El apreciar el consejo de los ya “entrados en años”
Que tengamos una comprensión mayor y un aprecio más grande por el poder del testimonio, especialmente cuando lo expresan [aquellos que tienen una edad avanzada].
Mis queridos hermanos y hermanas, al prepararnos para escuchar los comentarios finales del presidente Gordon B. Hinckley, al término de esta maravillosa conferencia general, deseo fervientemente que cada uno de nosotros sienta cuán bendecidos somos al haber recibido la sabiduría y la exhortación combinadas de los profetas y apóstoles del Señor, las cuales, si les prestamos atención y obedecemos, nos ayudarán a mantenernos más cerca de nuestro Salvador. Debemos estar particularmente agradecidos por vivir en una época en la que nuestros líderes de la Iglesia, aunque avanzados en años, continúan recibiendo la revelación y la inspiración que impulsan el reino hacia delante, día a día.

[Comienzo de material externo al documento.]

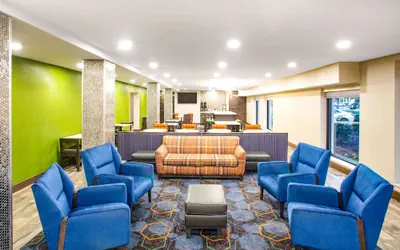 Photo 5 - La Quinta Inn & Suites by Wyndham St. Louis Hazelwood/ North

Cuando era joven, recibí por escrito una amonestación muy firme de que demostrara ser un hijo fiel y obediente, a fin de que al crecer y al necesitar de consejo y asesoramiento, fuera a mis padres, aunque estuvieran “entrados en años”, para recibir de ellos sabiduría, consuelo y guía. Mi padre falleció hace más de veinte años, habiendo sido para mí una grande y ejemplar fuente de sabiduría todos los días de mi vida. Acabamos de enterrar a mi madre de 101 años, en una tumba junto a su compañero eterno, el lunes pasado. Cuando cumplió 100 años, ella aseveró su testimonio de toda la vida con estas palabras: “El Evangelio es un estilo de vida, es parte del plan para ayudarnos a evitar la amargura. Más que nunca, creo que esta vida es buena, pero que la vida venidera es mejor” (“Growing Old Graciously: Lessons from a Centenarian”, Religious Educator 5, Nº 1, 2004, pág. 11).
Mi madre a menudo me decía que ella oraba todos los días por mí y por nuestra familia. Al acercarse más y más a la muerte, para mí sus oraciones eran especialmente fervorosas y significativas. Mis dos progenitores, así como mis queridos suegros, perseveraron y están perseverando hasta el fin en senderos de justicia, dejando un legado de fiel dedicación para toda su posteridad.
Al presidente Ezra Taft Benson, en la revista Liahona de enero de 1990, se le cita como sigue: “El Señor conoce y ama a la gente mayor de Su pueblo; siempre ha sido así; y a ellos les ha conferido muchas de Sus mayores responsabilidades. En distintas dispensaciones ha guiado a Su pueblo por medio de profetas de edad avanzada; Él ha necesitado la sabiduría y la experiencia de la madurez, la dirección inspirada de aquellos que por largos años han demostrado fidelidad a Su Evangelio” (“A la gente mayor de la Iglesia”, Liahona, enero de 1990, pág. 4).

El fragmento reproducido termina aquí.